* **About this exercise**:
Lines that include "image" make up the answer; copy all of them from the data below.

(Stored data)
⟨
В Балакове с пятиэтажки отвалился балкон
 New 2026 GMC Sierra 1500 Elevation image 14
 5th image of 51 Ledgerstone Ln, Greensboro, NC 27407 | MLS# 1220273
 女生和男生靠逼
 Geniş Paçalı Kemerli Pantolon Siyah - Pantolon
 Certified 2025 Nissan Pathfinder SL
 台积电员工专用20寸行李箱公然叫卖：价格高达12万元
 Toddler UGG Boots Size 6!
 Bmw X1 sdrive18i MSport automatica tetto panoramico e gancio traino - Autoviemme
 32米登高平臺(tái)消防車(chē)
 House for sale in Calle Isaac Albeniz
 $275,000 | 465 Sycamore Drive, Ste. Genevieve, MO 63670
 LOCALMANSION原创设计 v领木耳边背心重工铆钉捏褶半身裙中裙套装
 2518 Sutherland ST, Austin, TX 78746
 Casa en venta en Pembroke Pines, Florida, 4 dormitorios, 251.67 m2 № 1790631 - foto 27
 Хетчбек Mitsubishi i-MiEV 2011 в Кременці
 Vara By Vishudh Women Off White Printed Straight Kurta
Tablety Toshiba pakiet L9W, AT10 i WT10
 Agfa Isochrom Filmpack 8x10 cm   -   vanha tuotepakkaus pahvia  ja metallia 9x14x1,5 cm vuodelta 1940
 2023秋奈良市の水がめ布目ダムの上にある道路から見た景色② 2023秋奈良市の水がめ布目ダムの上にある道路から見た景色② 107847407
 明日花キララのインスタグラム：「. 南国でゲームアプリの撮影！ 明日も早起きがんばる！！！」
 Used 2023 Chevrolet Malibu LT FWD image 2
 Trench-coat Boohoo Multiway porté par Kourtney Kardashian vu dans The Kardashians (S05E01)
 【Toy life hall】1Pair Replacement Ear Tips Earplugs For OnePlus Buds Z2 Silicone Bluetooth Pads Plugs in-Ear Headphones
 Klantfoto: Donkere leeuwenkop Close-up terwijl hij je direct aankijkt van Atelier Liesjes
⟩
* **Output below**:
 New 2026 GMC Sierra 1500 Elevation image 14
 5th image of 51 Ledgerstone Ln, Greensboro, NC 27407 | MLS# 1220273
 Used 2023 Chevrolet Malibu LT FWD image 2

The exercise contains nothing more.